On Sat, 12 Oct 2024 10:23:18 GMT
anton@mips.complang.tuwien.ac.at (Anton Ertl) wrote:
Michael S <already5chosen@yahoo.com> writes:
That's correct about intrinsics, but incorrect about ADCX/ADOX.
The later can be moderately helpful in special situuations, esp.
128b * 128b => 256b multiplication, but it is never necessary
and for addition/sbtraction is not needed at all.
They are useful if there are two strings of additions. This happens naturally in wide multiplication (also beyond 256b results). But it
also happens when you add three multi-precision numbers (say, X, Y,
Z): You need C for the carry of XYi=X[i]+Y[i]+C, and O for the carry
of XYZ[i]=XYi+Z[i]+O. If you have ADCX/ADOX, you can do both
additions in one loop, so XYi can be in a register and does not need
to be stored . If you don't have these instructions, only ADC, you
need one loop to compute X+Y and store the result in memory, and one
loop to compute XY+Z, i.e., the lack of ADCX/ADOX results in
substantial additional cost.
If you add 4 multi-precision numbers, AMD64 with ADX runs out of
carry bits, so you have to spend the overhead of an additional loop
(but not of two additional loops as without ADCX/ADOX).
With carry bits in the general purpose registers <https://www.complang.tuwien.ac.at/anton/tmp/carry.pdf> and 30 GPRs
(one is zero, one is sp), you can add 14 multi-precision numbers per
loop: 14 GPRs for source addresses, 1 GPR for the target address, 1
for the loop counter, 13 registers for loop-carried carry flags.
Of course, the question is if this kind of computation is needed
frequently enough to justify this kind of extension.
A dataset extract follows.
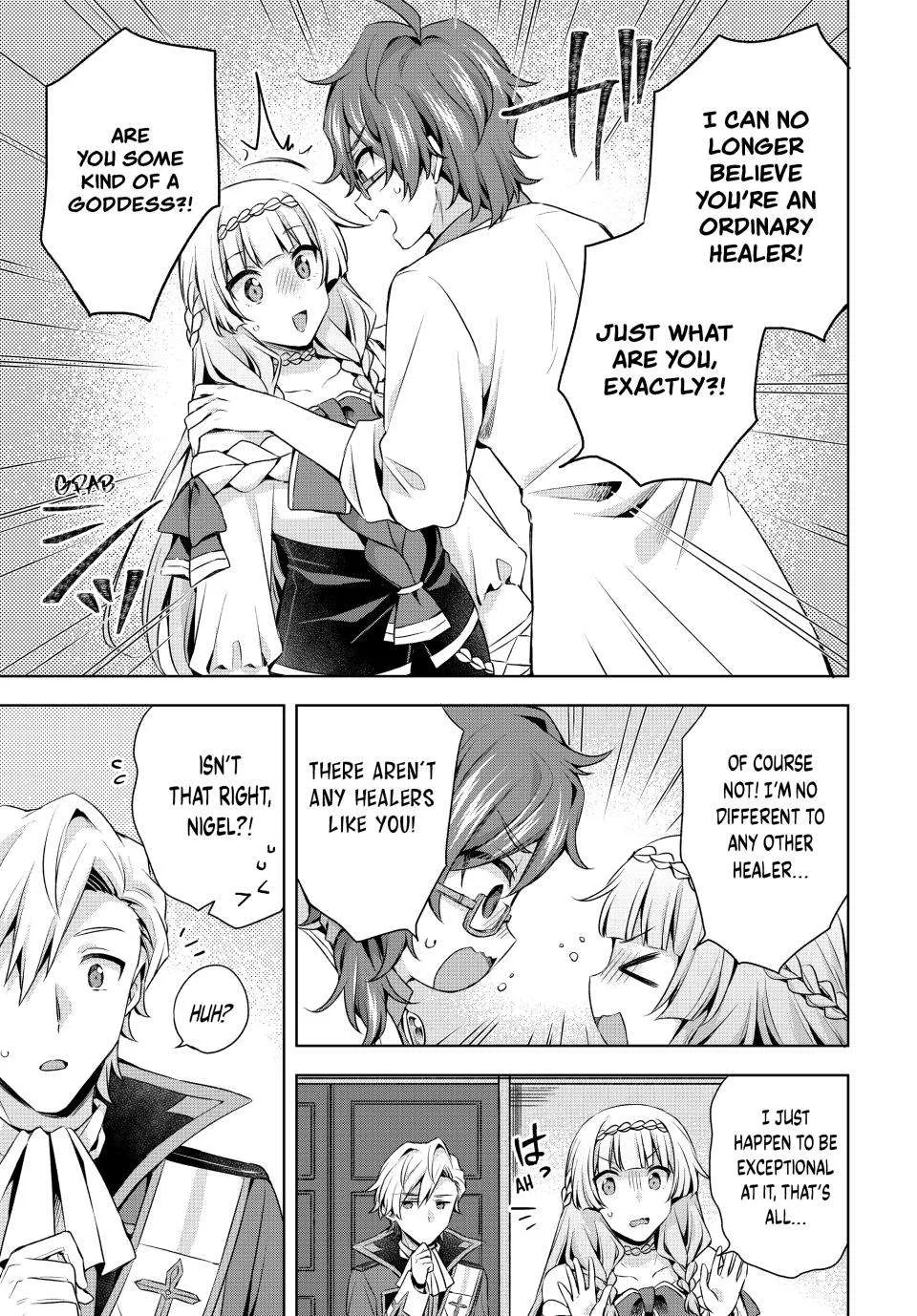 Because I, the True Saint, Was Banished, That Country Is Done For! Chapter 33 page 25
For
multi-precision multiplication and squaring, Intel considered the
frequency relevant enough to introduce ADCX/ADOX/MULX.
- anton
That's not bad. I think, you see yourself that spill and context
switch parts could benefit from more work.
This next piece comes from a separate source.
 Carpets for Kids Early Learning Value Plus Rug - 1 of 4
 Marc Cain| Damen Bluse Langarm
But I suspect that the main opposition you'll face in RISC-V
organization will center not on that, but on fear of increase in cycle
time, no matter if proven or not with hard numbers.
On Sun, 13 Oct 2024 13:00:14 +0300
Second thought: why do we have to insist on 64 payload bits?
64-bit format with 2 or 3 flag bits and 62 or 61 payload bits appears
to simplify system issues at relatively small cost in storage density.